Source information »
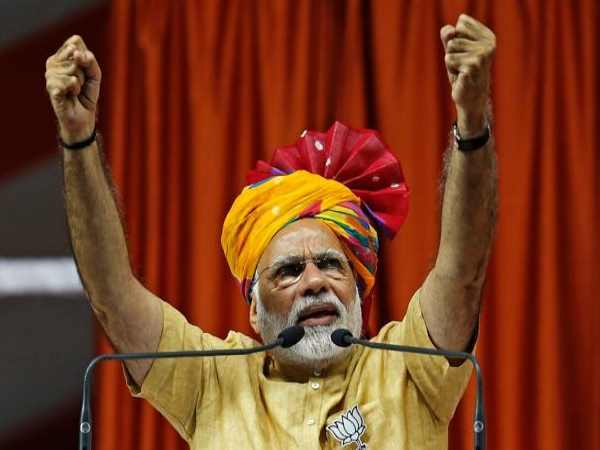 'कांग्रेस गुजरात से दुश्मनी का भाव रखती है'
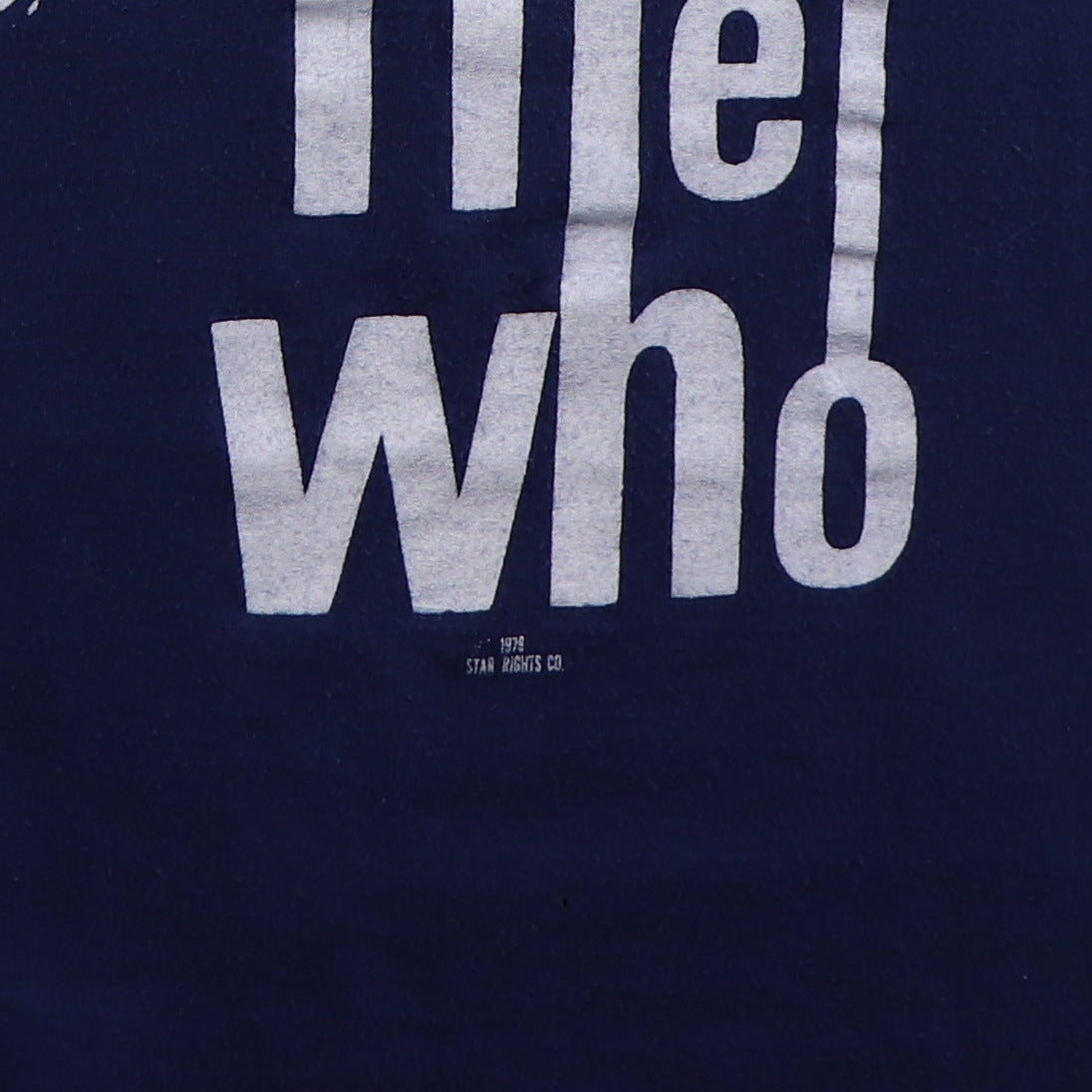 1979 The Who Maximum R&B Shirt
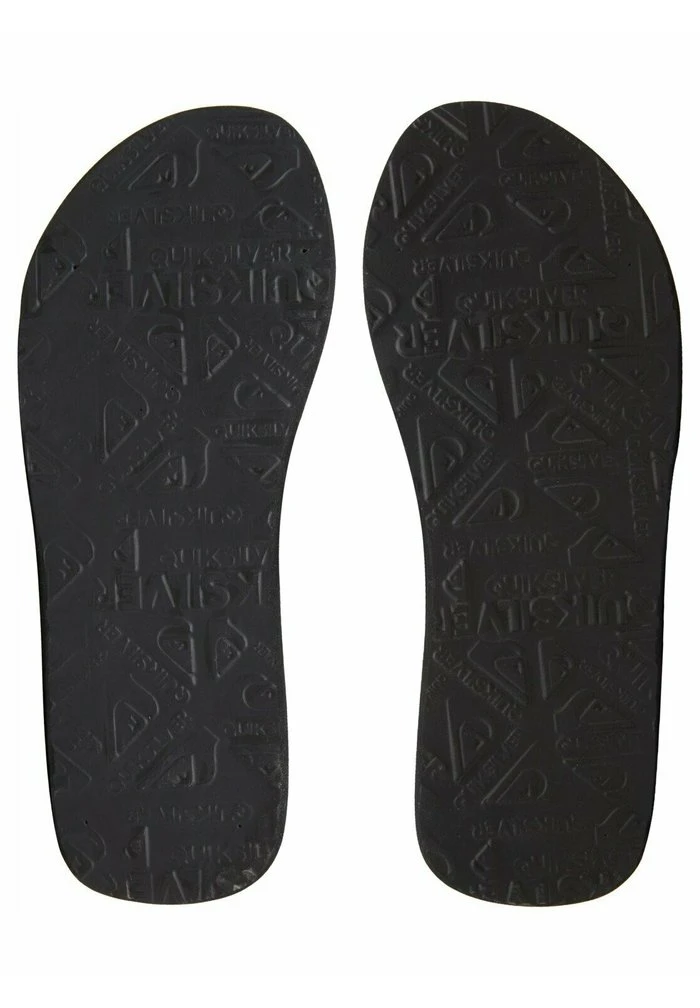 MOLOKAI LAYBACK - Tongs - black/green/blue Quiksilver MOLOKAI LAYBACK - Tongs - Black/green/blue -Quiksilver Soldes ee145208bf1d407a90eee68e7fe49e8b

---

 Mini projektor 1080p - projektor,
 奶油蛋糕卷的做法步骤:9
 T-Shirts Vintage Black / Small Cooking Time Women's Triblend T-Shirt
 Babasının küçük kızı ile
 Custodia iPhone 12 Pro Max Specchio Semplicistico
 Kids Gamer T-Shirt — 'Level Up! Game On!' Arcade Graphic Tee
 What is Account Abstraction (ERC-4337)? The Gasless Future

...

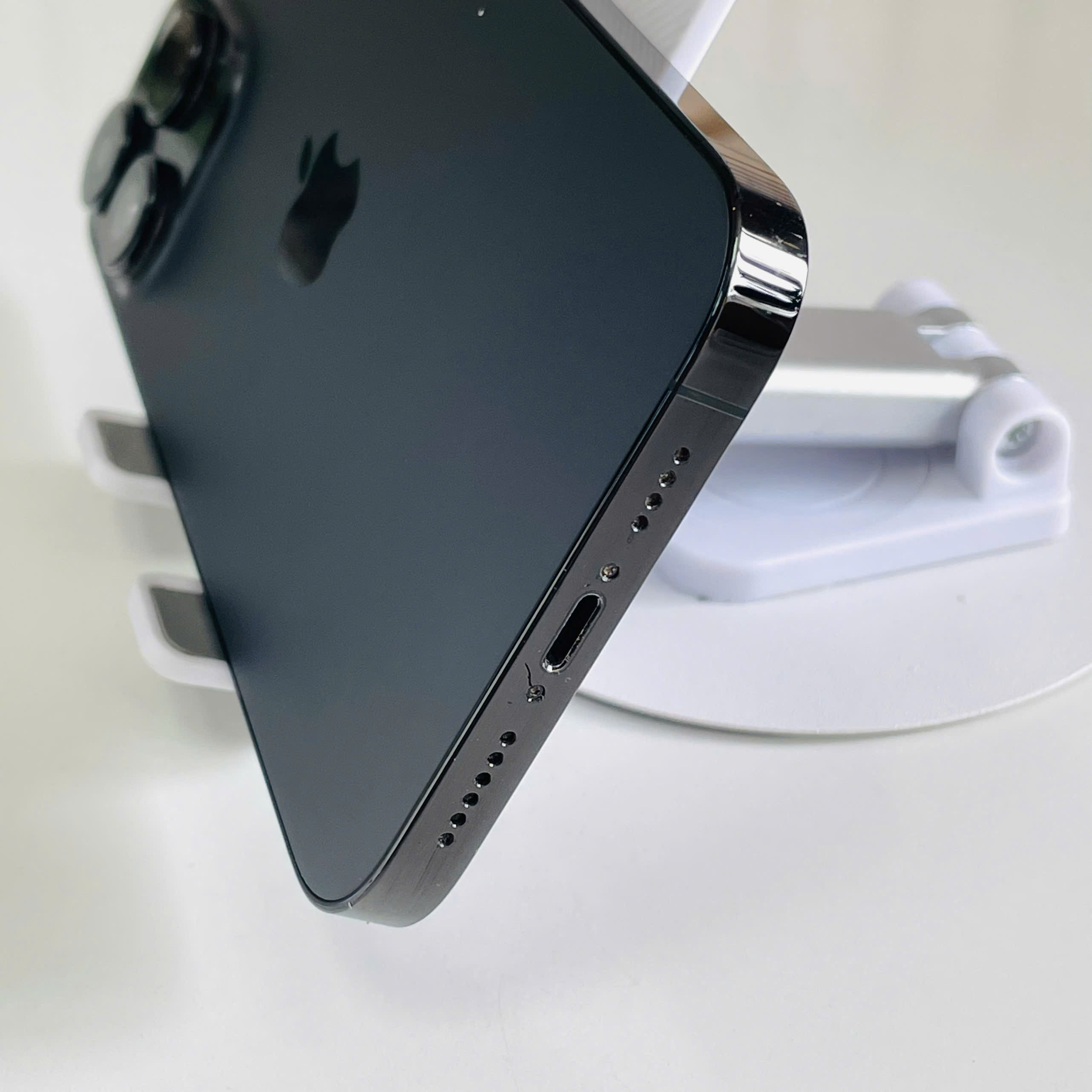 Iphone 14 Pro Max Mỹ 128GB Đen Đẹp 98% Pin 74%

Task requirements » Output only the lines above from the line that holds "भाव रखती है'" through the line that holds "MOLOKAI LAYBACK - Tongs - black/green/blue Quiksilver", both ends included, and exclude pictures.

Answer to this task »
 'कांग्रेस गुजरात से दुश्मनी का भाव रखती है'
 1979 The Who Maximum R&B Shirt
 MOLOKAI LAYBACK - Tongs - black/green/blue Quiksilver MOLOKAI LAYBACK - Tongs - Black/green/blue -Quiksilver Soldes ee145208bf1d407a90eee68e7fe49e8b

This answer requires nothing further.